Pakistan To Borrow Record Rs9.44 Trillion From Banks To Repay Maturing Debt And Finance Expenditures

The government of Pakistan has announced its plan to borrow a record Rs9.44 trillion from domestic commercial and Shariah-compliant banks over the next three months ending July 2023. The amount is needed to repay some of the maturing debt and finance expenditures. 

According to the State Bank of Pakistan’s data, the government will acquire massive funds to repay old debt of Rs8.05 trillion, adding a net Rs1.38 trillion over three months to the total domestic public debt. This move comes as the domestic public debt has grown to “unsustainable levels” due to the choking of foreign loans following the stalled International Monetary Fund loan programme since November 2022. 

Economist Sana Tawfik from Arif Habib Limited stated that the latest addition to net debt would widen the government’s fiscal deficit. The fiscal account is facing mounting pressure due to the continuous piling up of domestic debt and the surge in interest payments after a hike in key policy rates to a record high of 21%. These factors have grown to unsustainable levels over a period of time. 

Total domestic debt has soared to Rs38 trillion as of December 31, 2022, constituting 45% of Pakistan’s gross domestic product and 53% of total public debt, including external liabilities. Debt servicing on domestic debt is estimated at close to Rs5.6 trillion in the current fiscal year, which is equal to 76% of the tax revenue collection by the Federal Board of Revenue. 

Read More: IMF Demands Pakistan Arrange Fresh Loans Worth $8 Billion to Meet External Debt Repayments

The government has three options, according to Tawfiq: creating some fiscal space to boost the national economy, restructuring public debt, or paying off debt through printing new currency notes. Restructuring the debt carries high solvency risks for some domestic banks, while printing new currency notes would further increase inflation in the country, which is already running at a six-decade high of 36.4%. 

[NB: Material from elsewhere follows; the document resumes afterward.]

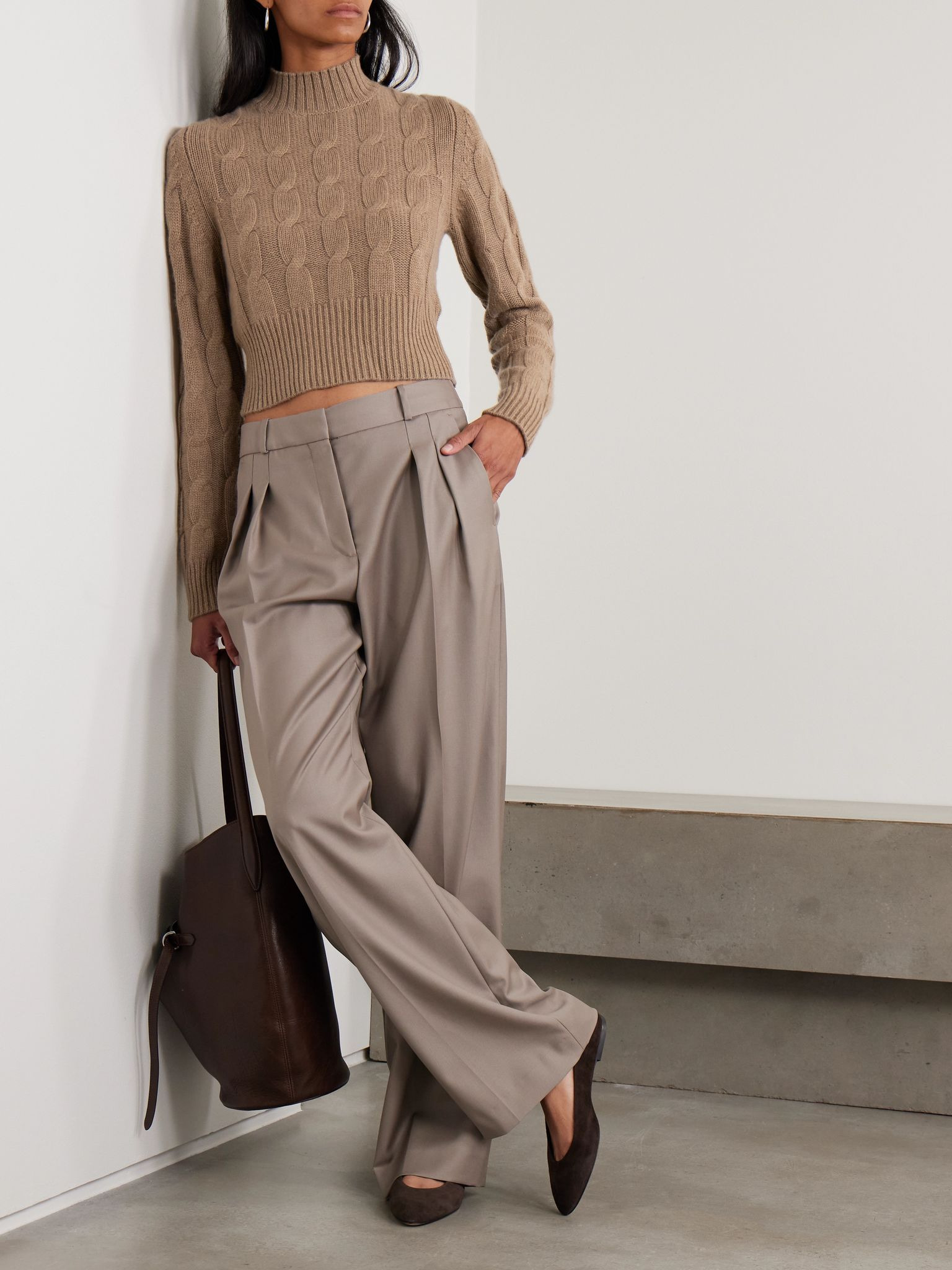 Murano cropped cable-knit organic cashmere turtleneck sweater Camel - 2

Banks are currently offering financing at a historically high markup of 22% in the backdrop of the surge in central bank’s key policy rate to 21%. The breakdown of central bank data shows that the government aims to borrow Rs7.50 trillion by selling three to 12-month treasury bills during May-July 2023. It also plans to borrow another Rs1.49 trillion via auction of two-year to 30-year Pakistan Investment Bonds at fixed and floating rates and acquire financing of Rs450 billion by selling Sukuk to Shariah-compliant banks over three months. 

The government is scheduled to pay Rs7.08 trillion for the maturing T-bills mainly in installments around June 2023 and has to pay off Rs647 billion for the maturing long-term PIBs in May to July.